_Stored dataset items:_
# # #

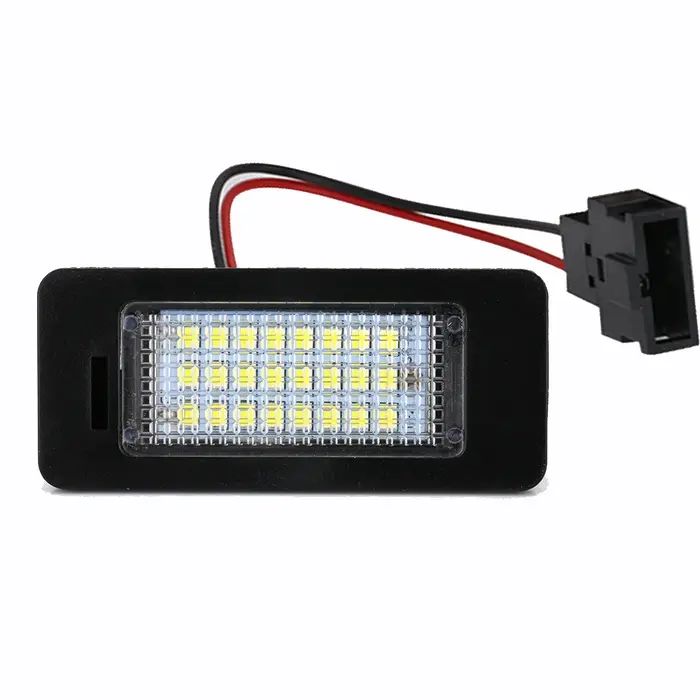 Lampe de plaque d'immatriculation LED 12V pour Audi A4 A5 Q5 S5 TT A1 S4 A6 A7 2008 2013 Visibilité Sécurité Occasions Spéciales
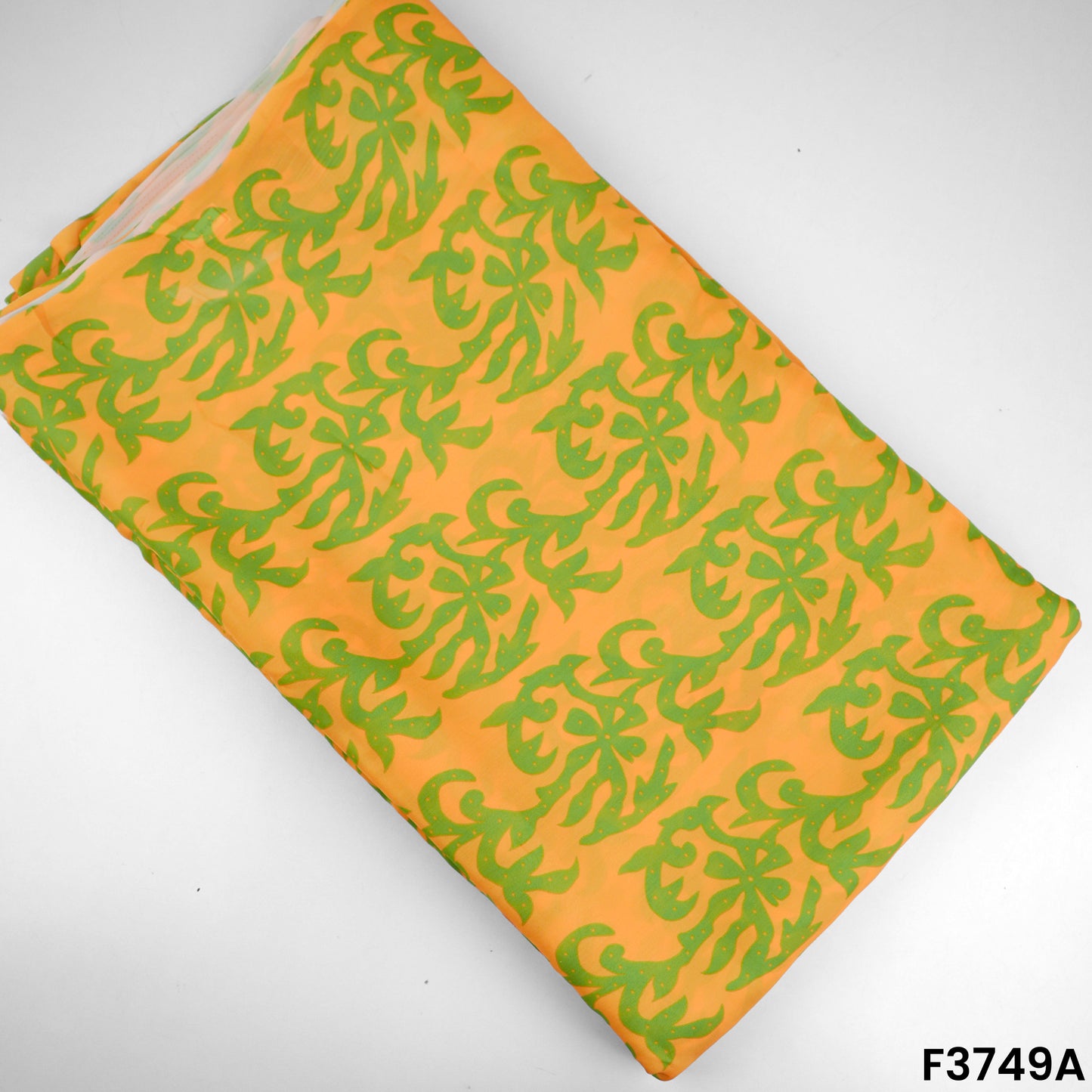 Digital Print Satin Crepe Fabric-F3749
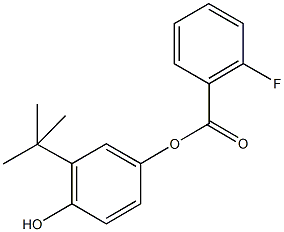3-tert-butyl-4-hydroxyphenyl 2-fluorobenzoate,723758-54-1,结构式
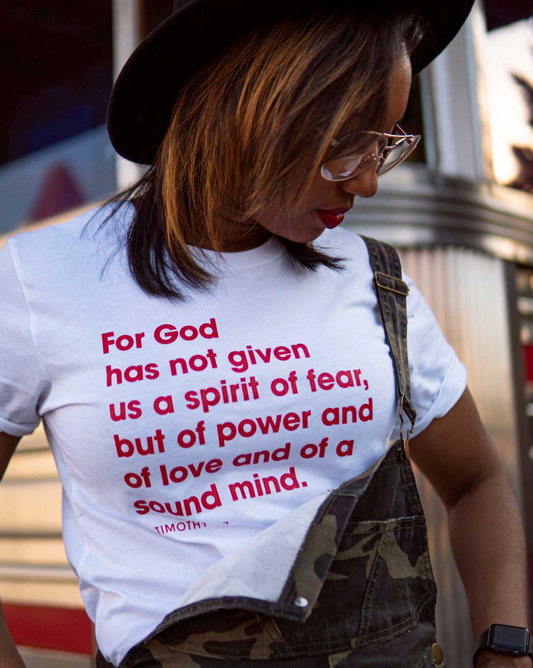 (CLEARANCE) 2 Timothy 1:7 Adult T Shirt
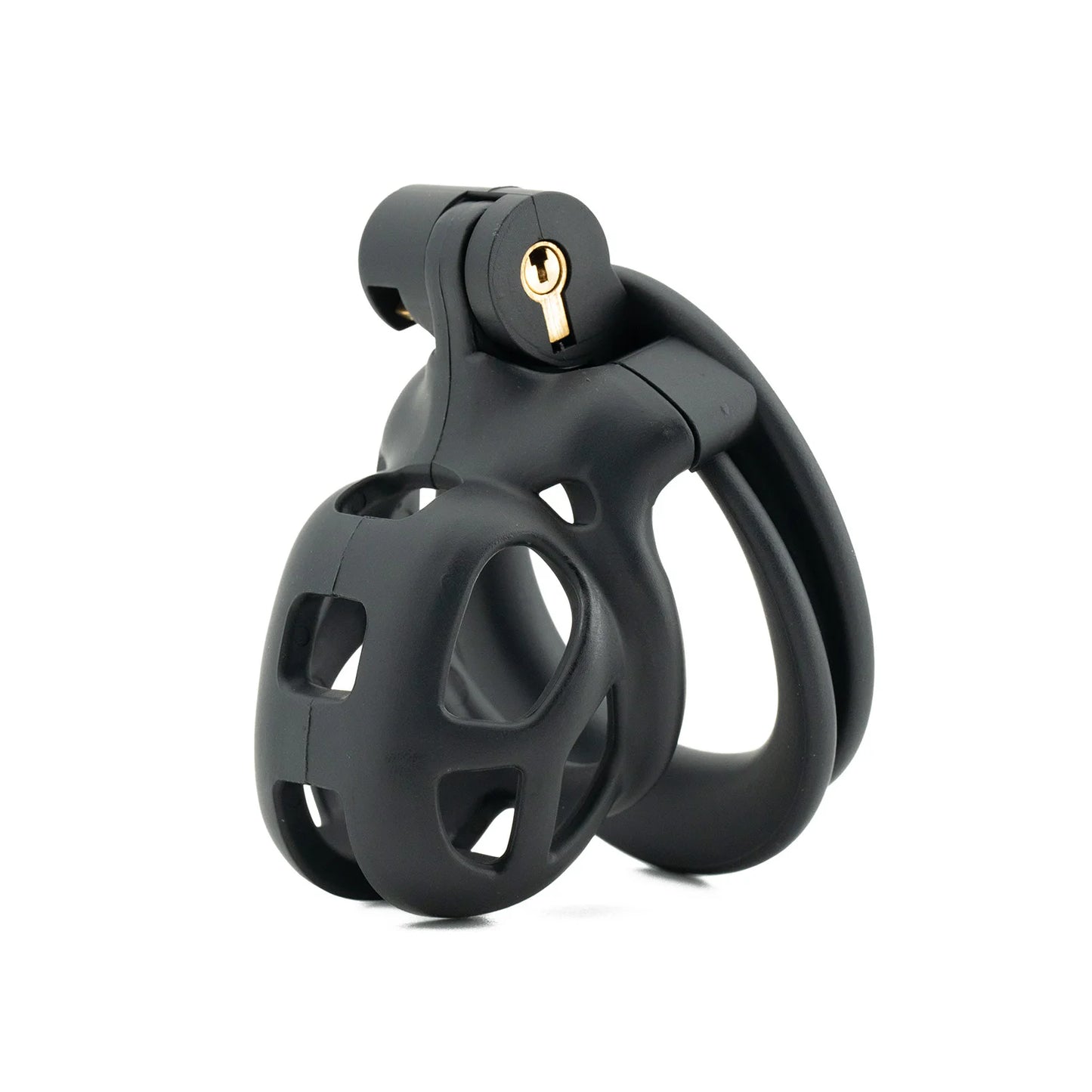 Black Small Short Male Plastic Chastity Lock Slave Cuckold Cock Bondage Cage Adult Sex Toys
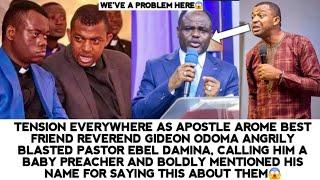 TENSION EVERYWHERE AS APOSTLE AROME BEST FRIEND REVEREND GIDEON ANGRILY BLAST PST E.DAMINA FOR THIS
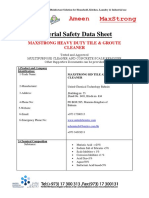 Max Strong MSDS & TDS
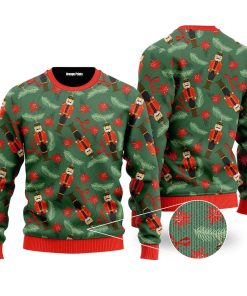 christmas nutcrackers pattern christmas ugly sweatshirt sweater 1 pegnze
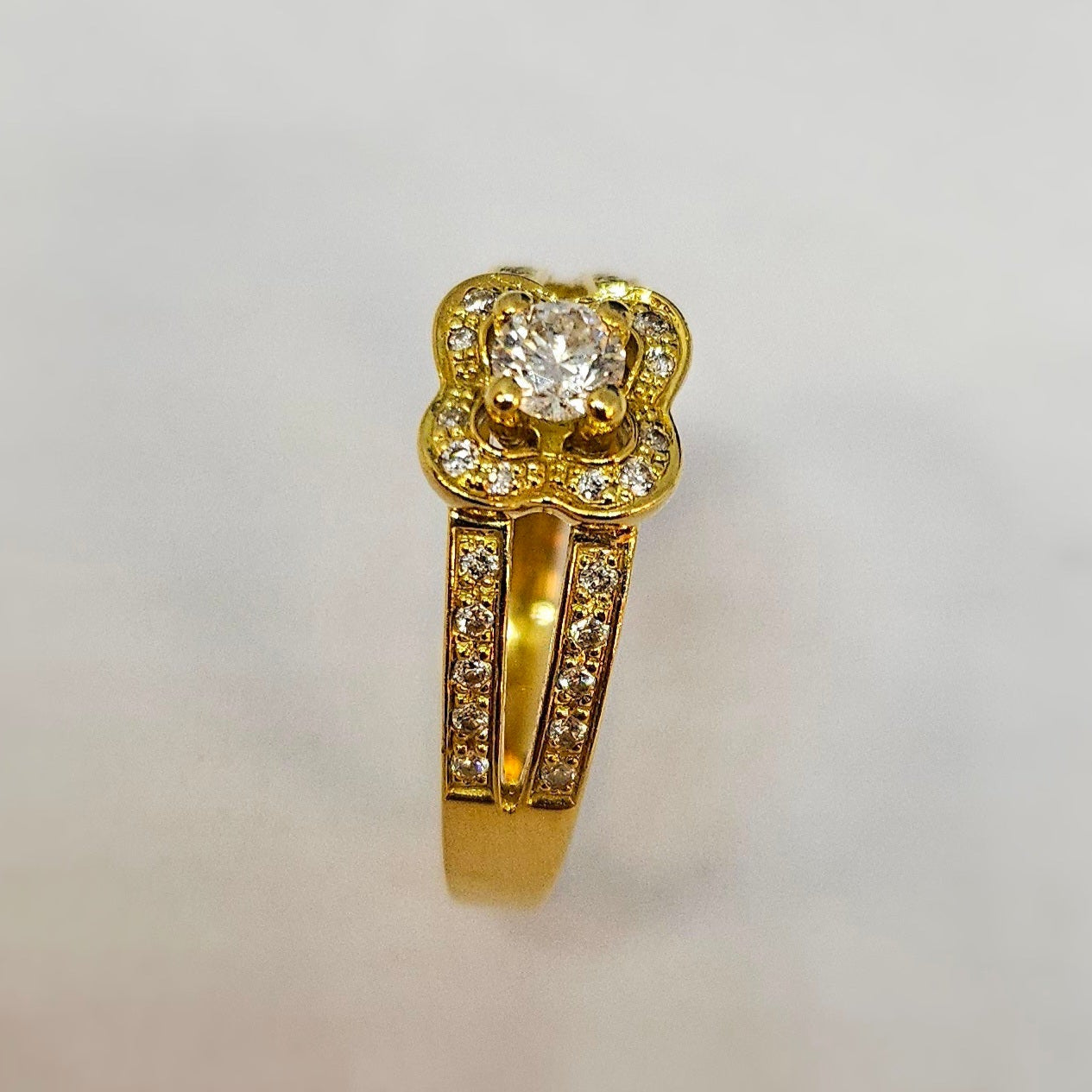 Bague Mauboussin Chance of Love n°2 en Or jaune et diamants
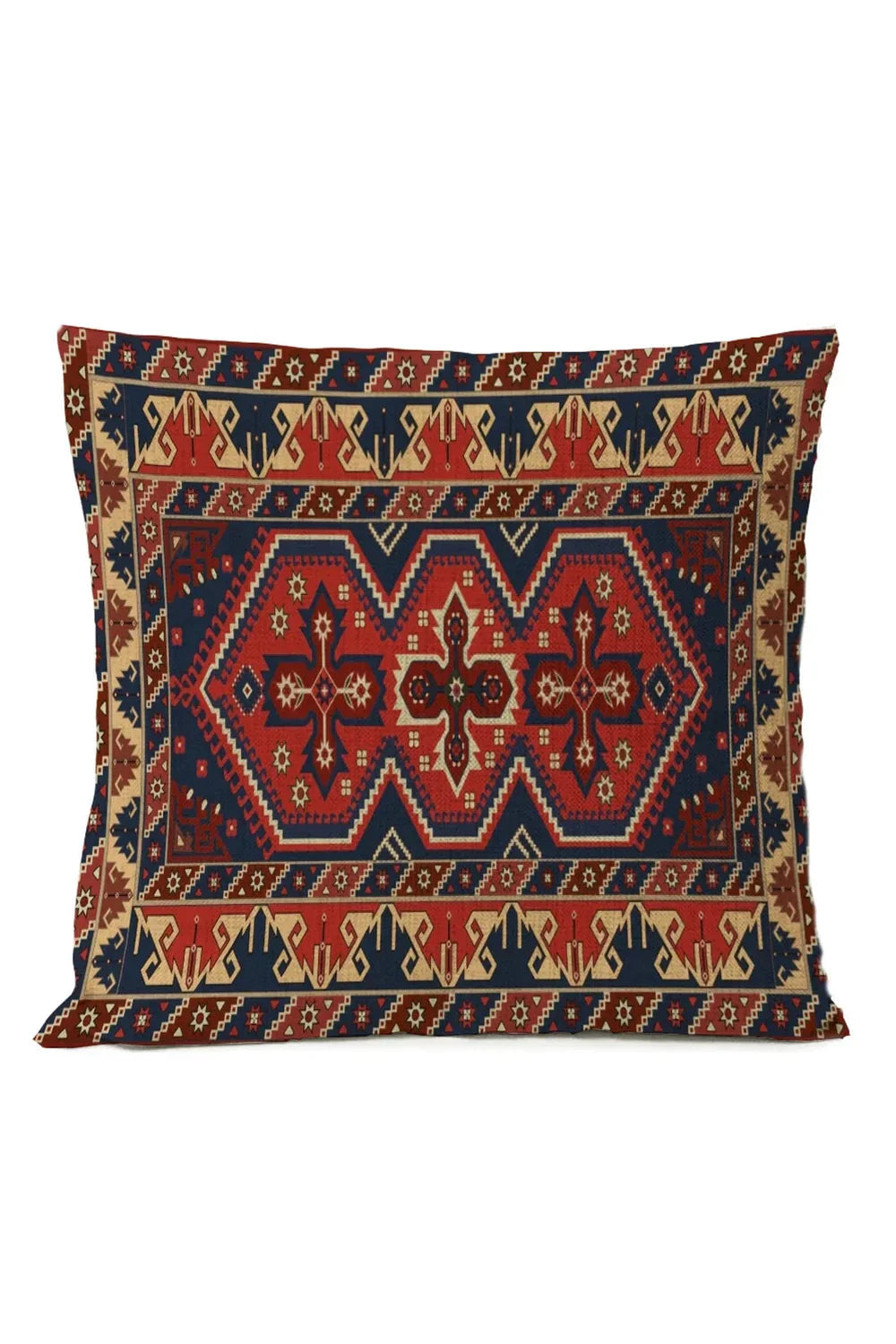 Ethnic Tribal Cotton-Linen Pillowcase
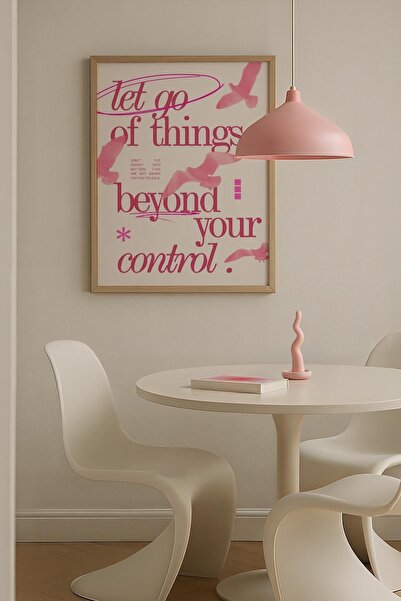 Opak Design Love Message Typography Pink Maximalist Art Ζωγραφική τοίχου με ξ...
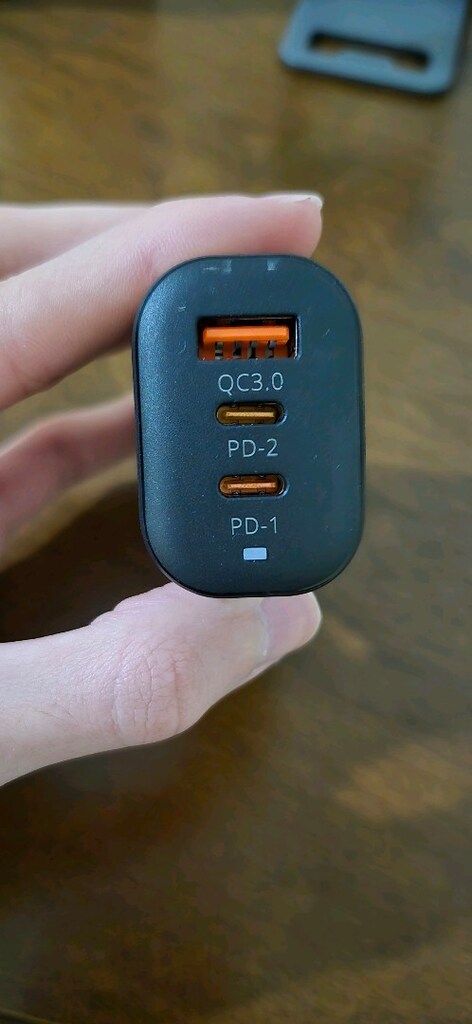 3 Çıkışlı 65Watt Hızlı Şarj Adaptörü - 3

# # #

_How to complete this task:_ Word for word, retype the lines from the one that contains "Bague Mauboussin Chance" through the final line of the data, both ends included, excluding pictures.

_Result for this exercise:_
 Bague Mauboussin Chance of Love n°2 en Or jaune et diamants
 Ethnic Tribal Cotton-Linen Pillowcase
 Opak Design Love Message Typography Pink Maximalist Art Ζωγραφική τοίχου με ξ...
 3 Çıkışlı 65Watt Hızlı Şarj Adaptörü - 3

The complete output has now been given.